YOUR OBJECTIVE:
Images are to be excluded, and the rest of the data repeated exactly.

INFORMATION SHOWN:

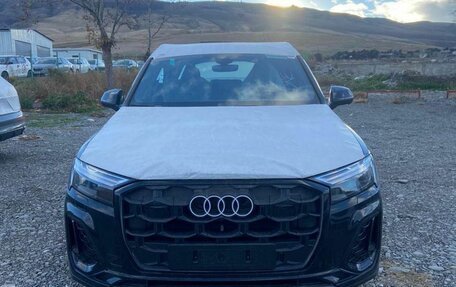 Audi Q7, 2025 год, 13 490 000 рублей, 4 фотография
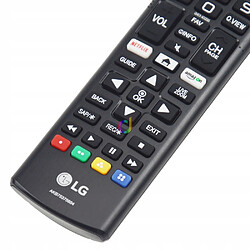 Acheter GUPBOO Télécommande Universelle de Rechange Pour téléviseur intelligent LG 32LK540BPUA 32LK610BPUA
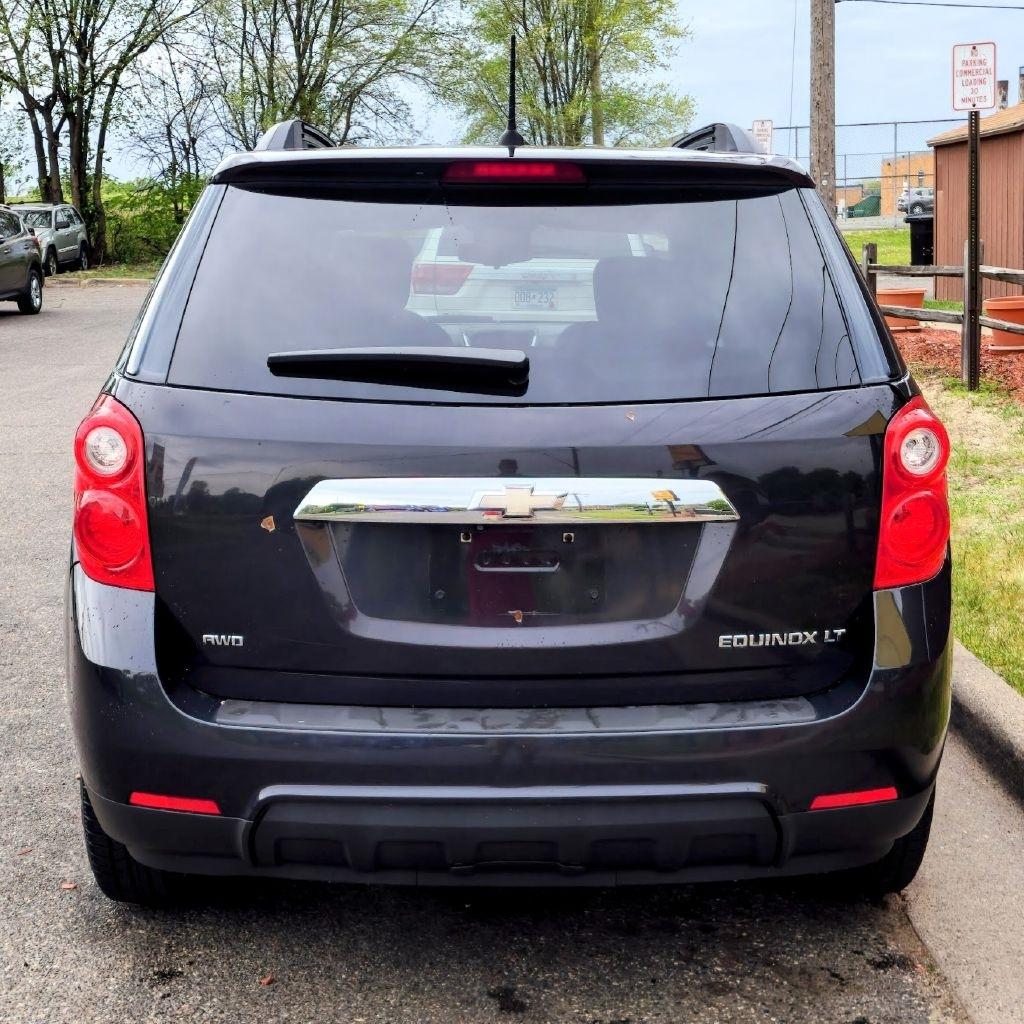Chevrolet Equinox  2013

ANSWER TO THE PROBLEM:
 Audi Q7, 2025 год, 13 490 000 рублей, 4 фотография
 Acheter GUPBOO Télécommande Universelle de Rechange Pour téléviseur intelligent LG 32LK540BPUA 32LK610BPUA
Chevrolet Equinox  2013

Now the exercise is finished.